# General > PC & Console Gaming >  netbook

## caithnessloon

Hi all Was planning to buy myself a netbook and looking for a bit of advice i think i have narrowed it down to 3 
Toshiba NB250   Acer Aspire One D260  and a HP Mini 210

any thoughts on these be much obliged

----------


## PC3001

Most of these kind of Netbooks are very similar in specifications and performance, especially if you are wanting to just use it for simple tasks, such as browsing the web.

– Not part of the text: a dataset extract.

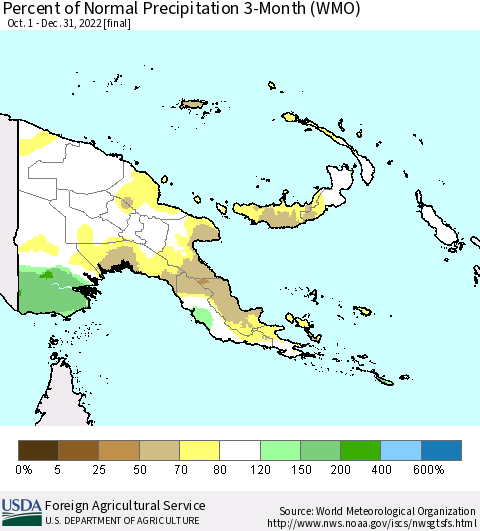 Papua New Guinea Percent of Normal Precipitation 3-Month (WMO) Thematic Map For 10/1/2022 - 12/31/2022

Based on _some_ reviews, I would go for the Acer Aspire One D260:

http://www.trustedreviews.com/laptop...re-One-D260/p1

But it is hard to tell which is truly better as they have very similar specifications. 
If it is within your budget I would recommend getting the Acer Aspire One 533 as it includes Bluetooth and can play better quality media like 720p video, as other netbooks can struggle to play such videos smoothly.

----------


## EDDIE

> Hi all Was planning to buy myself a netbook and looking for a bit of advice i think i have narrowed it down to 3 
> Toshiba NB250   Acer Aspire One D260  and a HP Mini 210
> 
> any thoughts on these be much obliged


Well i have a netbook the main reason i bought it was for its battery life.
The 10.1 inch screen is ok if your out and about the screen size is ok but when you see some of the acer laptops with 13 or 14 inch size with a battery life up to 6 to 8 hrs which is not a netbook but a laptop if i was buying today i wouldnt by a netbook i would go for the 14 inch laptops?
Every now and again i get fed up with the 10 inch screen

----------